→ Task to carry out: Omit images. Retype all entries verbatim.

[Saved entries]
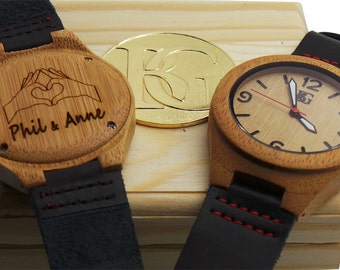 Agacharse jaula impermeable Grabado Reloj de lujo de madera personalizado para hombres - Etsy España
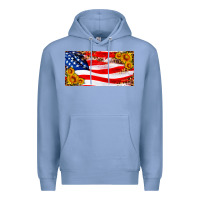 Colony Blue usa flag and sunflower license plate Premium Hoodie - HRA Design Shop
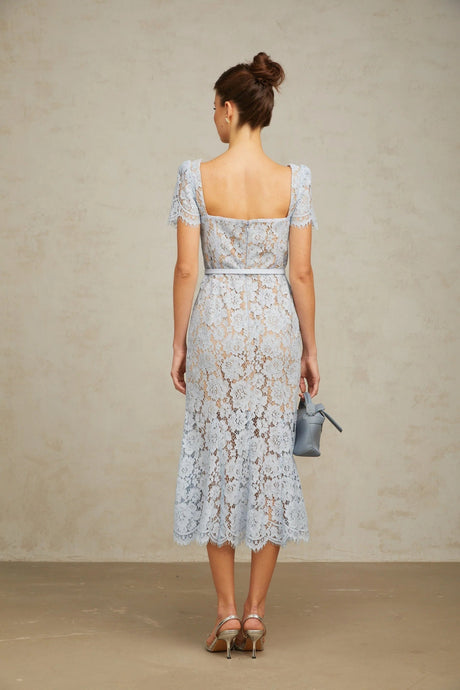 Giselle Midi Dress Blue Floral Lace Boned Belted Calf - Length Hem Scallop Trim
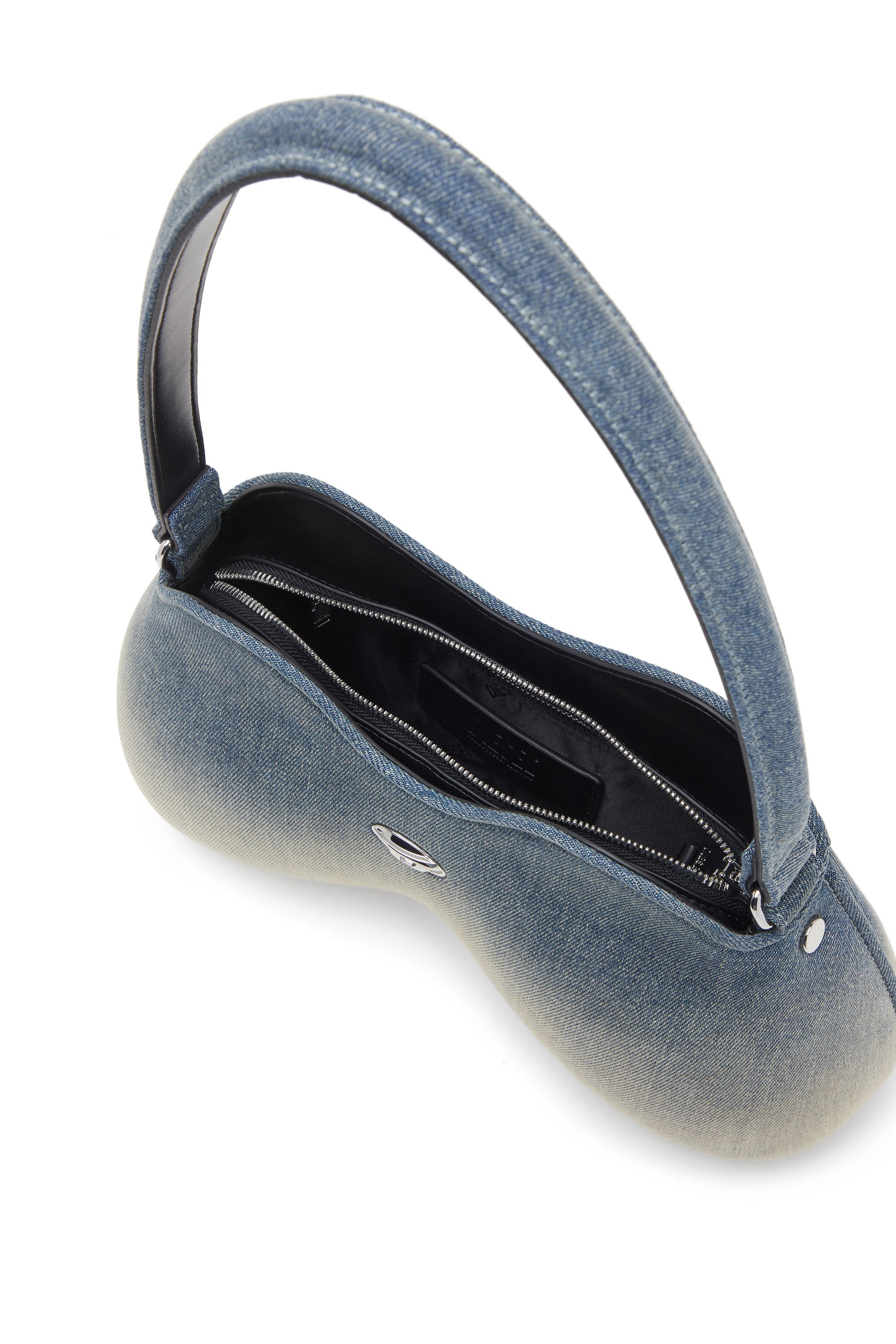 Diesel - DOUBLE-D SHOULDER, Double-D-Borsa da spalla in denim solarizzato Donna in Blu - 4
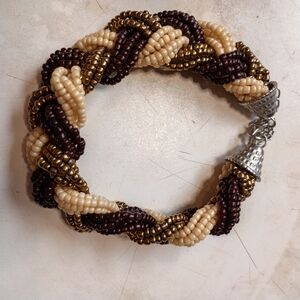 Braided Bead Bracelet in Cream, Brown, and Gold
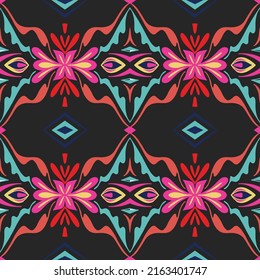 Tile seamless pattern design. With colourful motifs background. Vector illustation Eps10
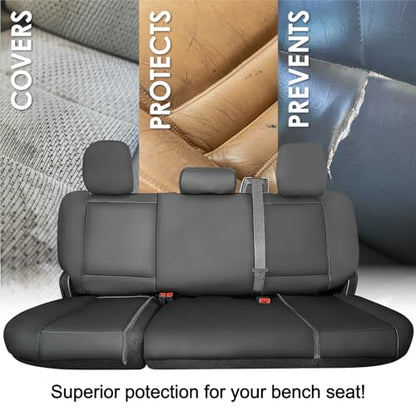 Universal Truck Bench Seat Cover; Fits All Full-Size Silverado F-150 Ram Sierra Titan Tundra Pickup Trucks; to Fit Folding, Split Bench or Standard Bench Seat; Faux Leather, Black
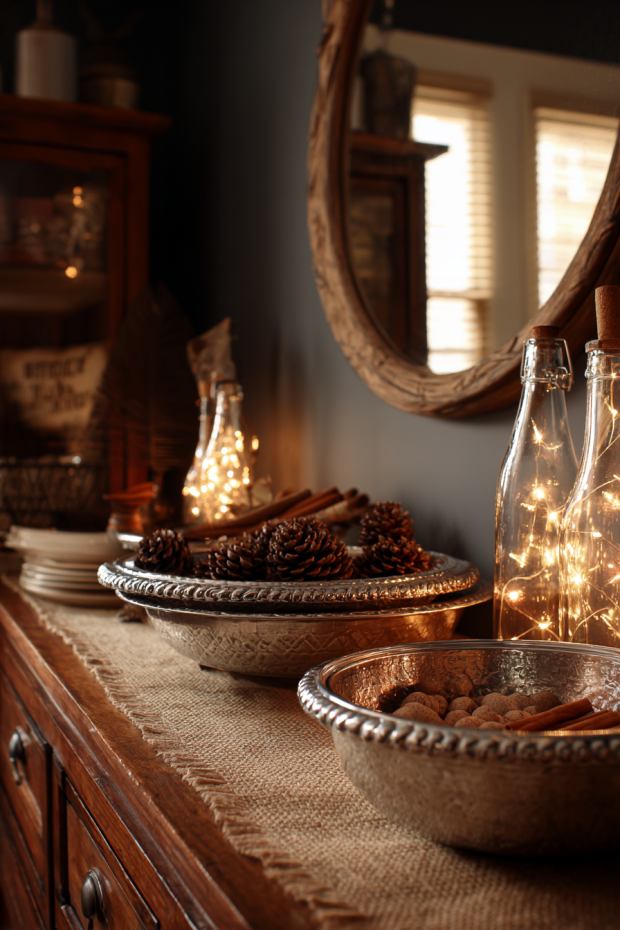 Dining Room Buffet with Thrift Store Silver and Wine Bottle Lights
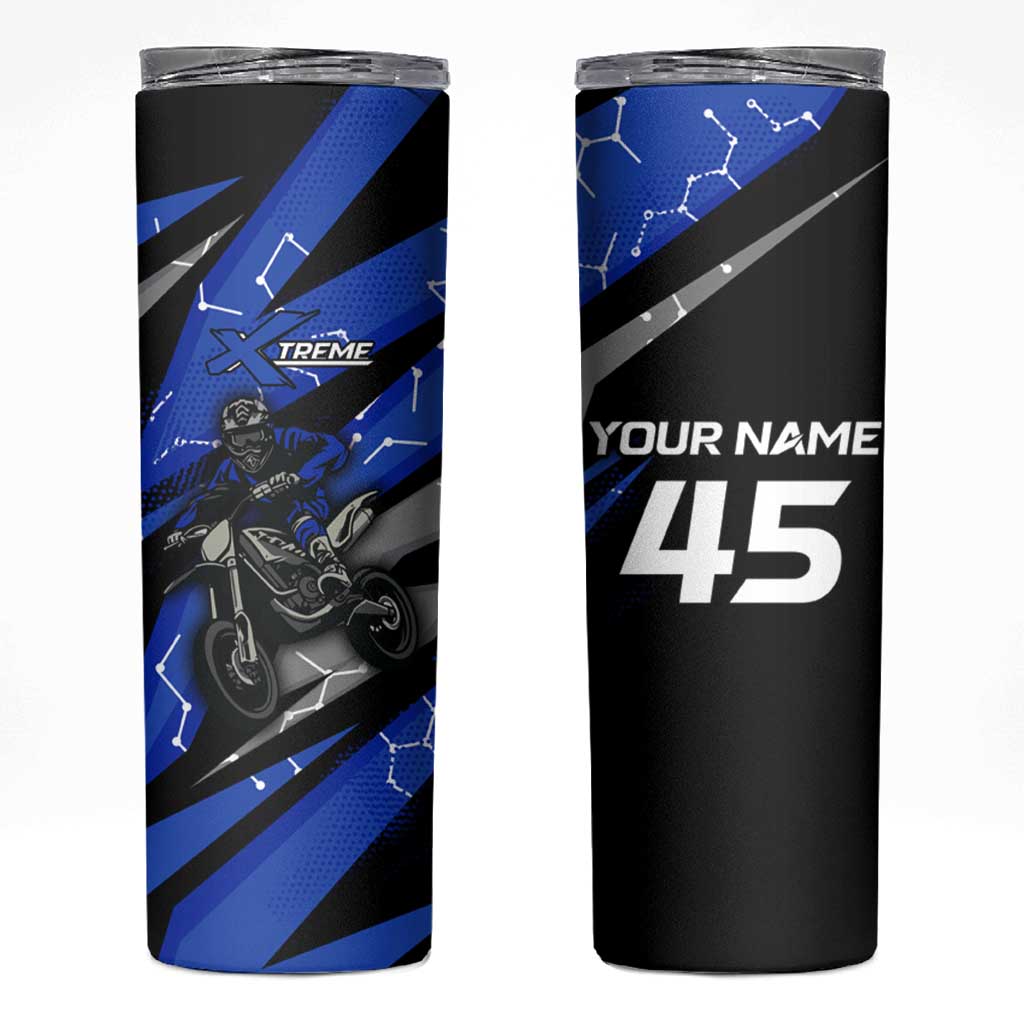 Personalized Extreme Motocross Skinny Tumbler with Blue Rider – Dirt Bike Racing Design - Wonder Print Shop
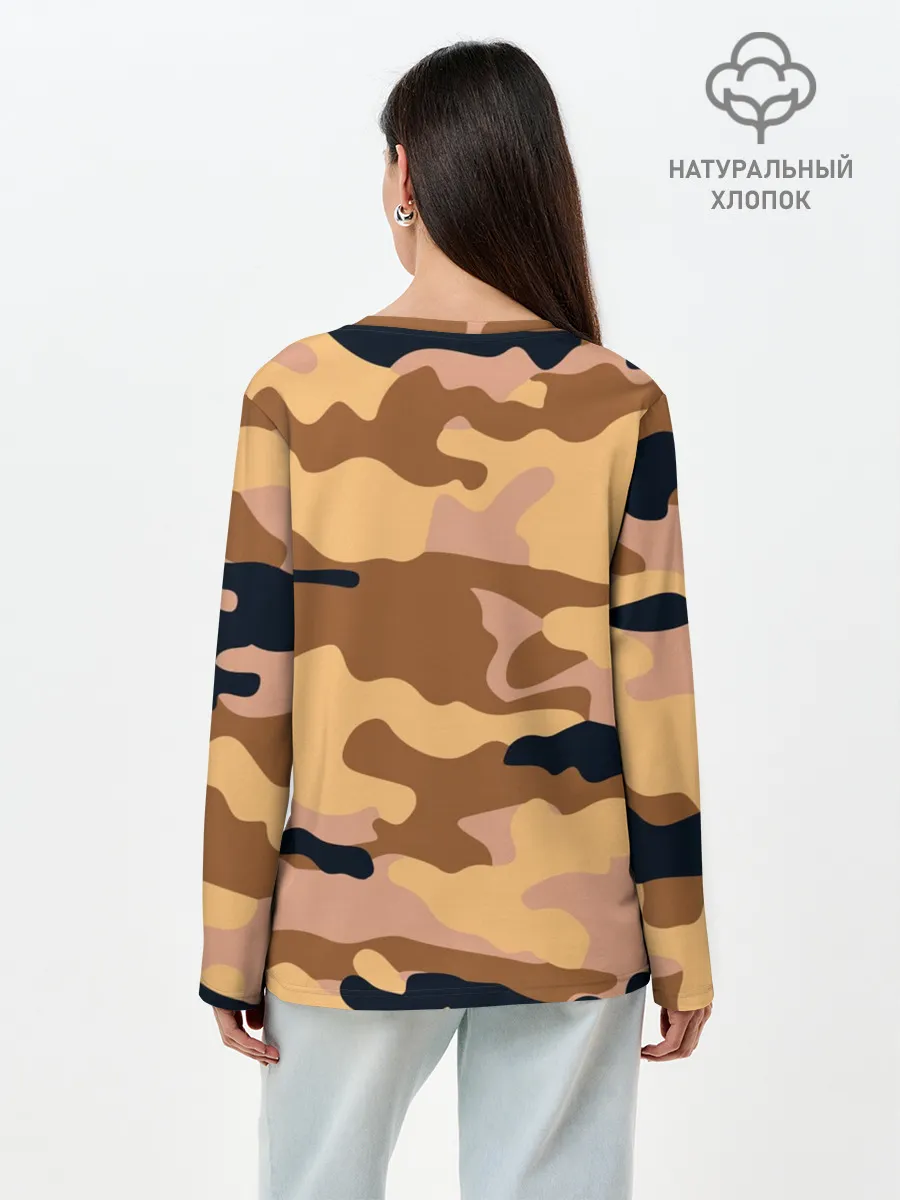 Лонгслив женский. Хлопок / Камуфляж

→ Answer to this problem:
 Agacharse jaula impermeable Grabado Reloj de lujo de madera personalizado para hombres - Etsy España
 Colony Blue usa flag and sunflower license plate Premium Hoodie - HRA Design Shop
 Giselle Midi Dress Blue Floral Lace Boned Belted Calf - Length Hem Scallop Trim
 Diesel - DOUBLE-D SHOULDER, Double-D-Borsa da spalla in denim solarizzato Donna in Blu - 4
 Braided Bead Bracelet in Cream, Brown, and Gold
 Tile seamless pattern design. With colourful motifs background. Vector illustation Eps10
 Universal Truck Bench Seat Cover; Fits All Full-Size Silverado F-150 Ram Sierra Titan Tundra Pickup Trucks; to Fit Folding, Split Bench or Standard Bench Seat; Faux Leather, Black
 Dining Room Buffet with Thrift Store Silver and Wine Bottle Lights
 Personalized Extreme Motocross Skinny Tumbler with Blue Rider – Dirt Bike Racing Design - Wonder Print Shop
 Лонгслив женский. Хлопок / Камуфляж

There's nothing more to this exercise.